Я хотела, чтобы ему не казалось, что он успокоил меня своим «это пройдет». Потому и не позвонила. Я решила, что спрошу его только тогда, когда смогу выложить перед ним эту пачку в триста шестьдесят электрокардиограмм. И сказала себе, что не стану при этом плакать.
После ужина он расставил по всей комнате зажженные свечи, надел свой концертный фрак и играл для меня колядки. Только в детстве на Рождество я чувствовала себя такой беззаботной и счастливой, как с ним в тот вечер.
Ночью он встал с постели и пошел на кухню. Со стаканом воды подошел к письменному столу и выдвинул ящик. Я не спала и зажгла свет как раз в тот момент, как он принял таблетку.
— Расскажешь мне о своем сердце? — спросила я, дотрагиваясь до его шрама.
Через пять месяцев этот сукин сын кардиолог с прилизанными волосами и званием профессора, делавший ему абляцию, убил его во время пунктирования межпредсердной перегородки по пути катетера из правого предсердия в левое, проткнув ему сердце и вызвав кровотечение в околосердечную полость — перикард. [5]
Убил его и как ни в чем не бывало поехал в отпуск. В Грецию. Через два дня после процедуры. Одной иголкой проткнул две жизни и спокойно полетел загорать.
Тенерифе, Франкфурт-на-Майне,
август 2003
Постель
Она медленно откинула белое покрывало и присела на краешек постели. Раздался знакомый скрип пружин.
Бело-голубое белье. С ее инициалами, вышитыми маминой рукой. Ее любимое. Она всегда стелит его, когда надолго уезжает. Чтобы сразу по возвращении почувствовать себя дома. Чтобы хоть что-то напоминало, как она возвращалась к маме. Никто не ждал ее с таким нетерпением, как мама. И никто так не радовался ее возвращению.

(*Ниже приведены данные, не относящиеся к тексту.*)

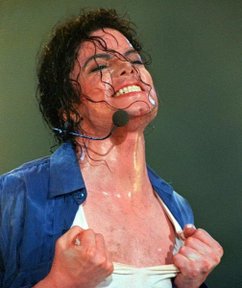 michael-jacksons-vitiligo.jpg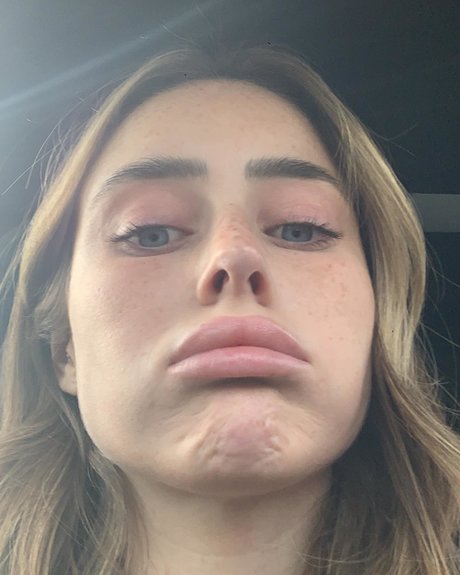 Effy Palarya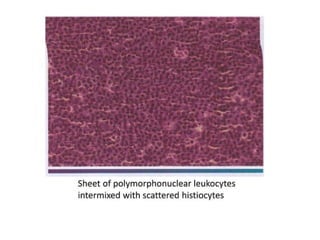 pulp-and-periapical-lesions-of-the-tooth-ppt.pdf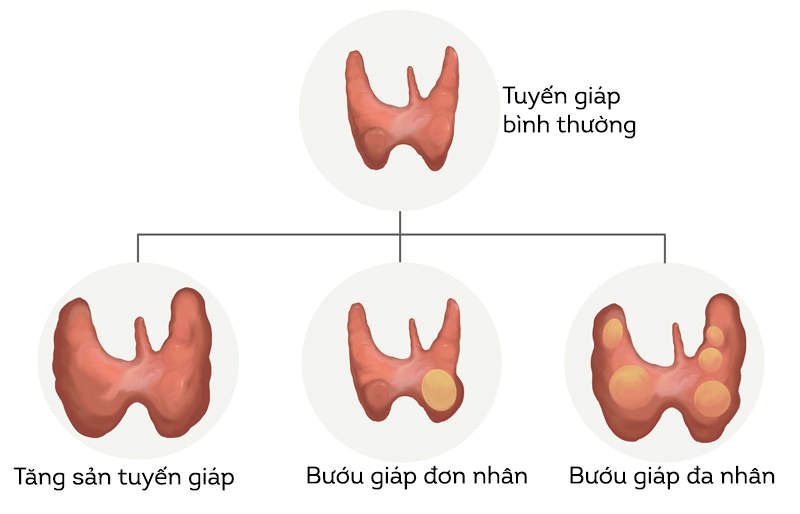 Bướu giáp đa nhân có thể phát triển từ bướu giáp đơn thuần và bướu giáp lan tỏa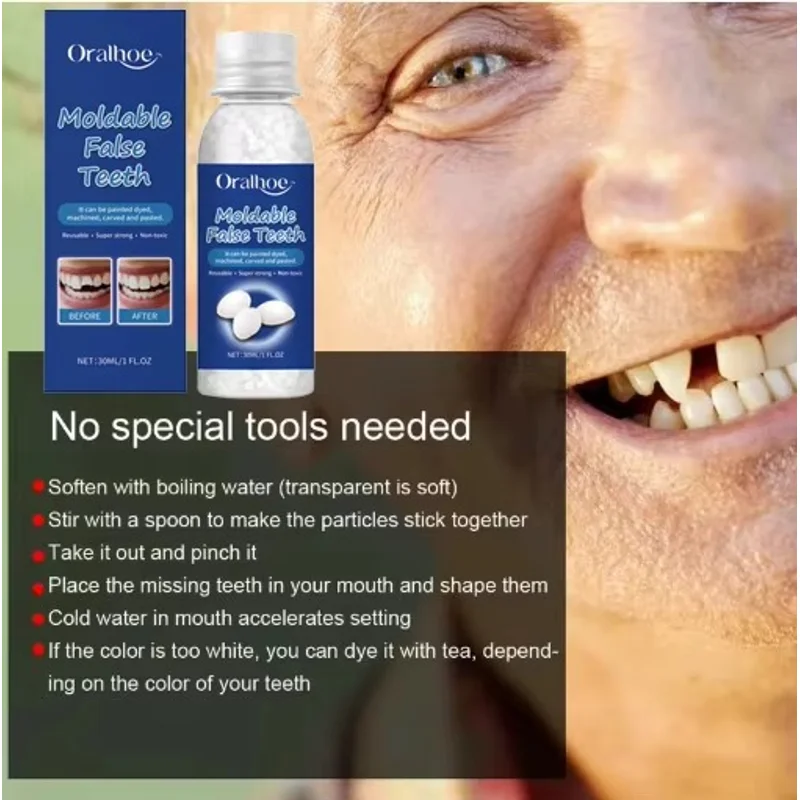 Temporary Tooth Repair Resin Solid Glue, Shapeable Material for Teeth Gaps, DIY Cosmetic Tooth Filling Supplies JJ3842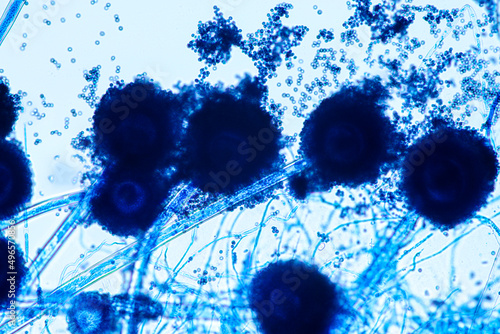 Aspergillus niger and Aspergillus oryzae (mold) under microscope for Microbiology in Lab. 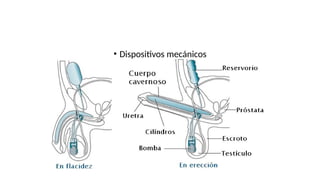 • Dispositivos mecánicos
 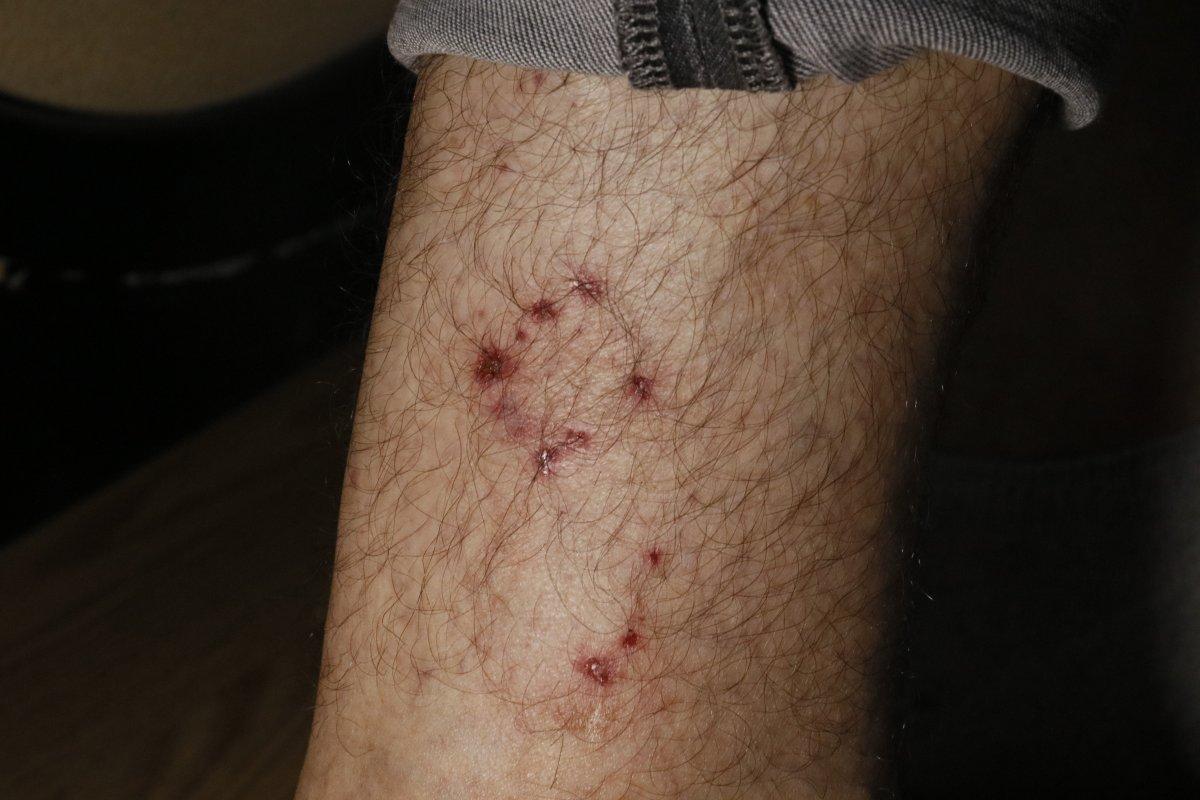 Adana'da başıboş köpeler, ailesiyle eve dönen motosikletliye saldırdı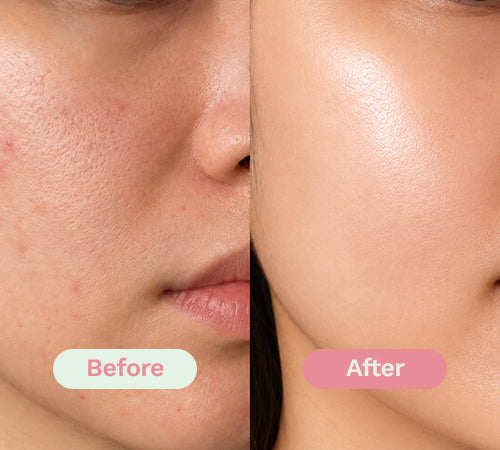 Before/After image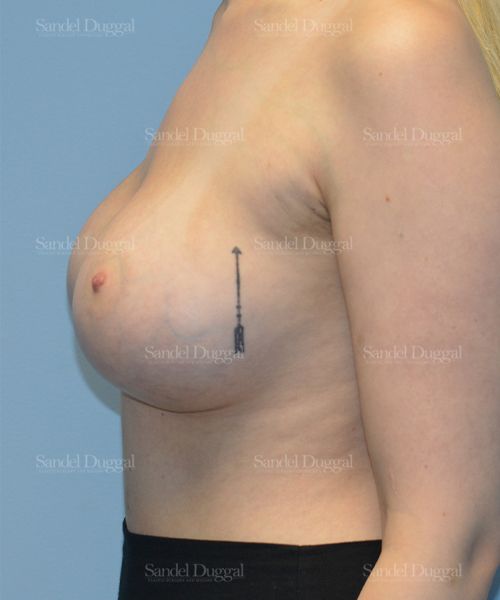 Breast Augmentation after, case 3129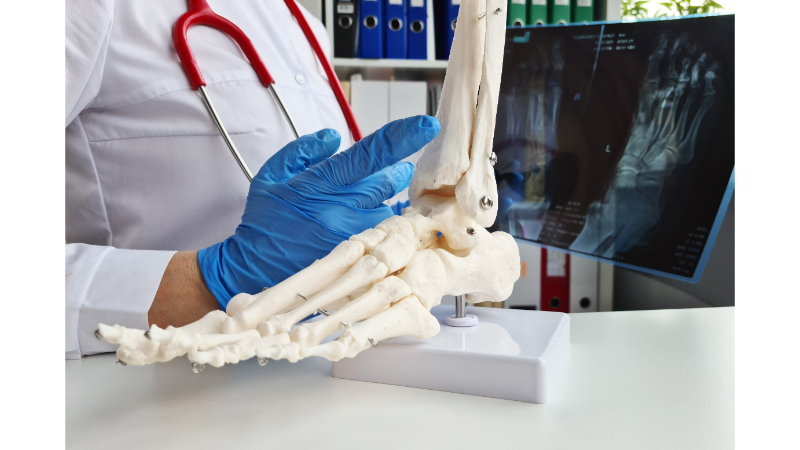 What Are the Symptoms of Bone Marrow Edema?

Поспит на этом белье одну ночь, потом постирает его и спрячет в шкаф. До следующего отъезда. В этой постели спит только она. Пока. Когда-нибудь, может, появится кто-нибудь стоящий и она застелит ее для них обоих. Но это когда-нибудь…
Темно-коричневое деревянное изголовье. На нем два коротких шероховатых углубления, две черные линии, выжженные огнем. Как два шрама. Ее отец на семейных встречах рассказывал о них, словно о геройских шрамах на своем лице. А мама напоминала ему, что во время войны он был еще ребенком.
Ее постель. Самое безопасное из всех известных ей мест…
Она чувствовала, как ее постепенно обволакивает покой. А сразу за ним вползает грусть. Она втянула голову в плечи. У ее ног все еще лежал открытый неразобранный чемодан. Сверху — ярко-синий муслиновый шарфик. У него была неоспоримая привилегия перед остальными вещами — он иногда касался «того самого» места.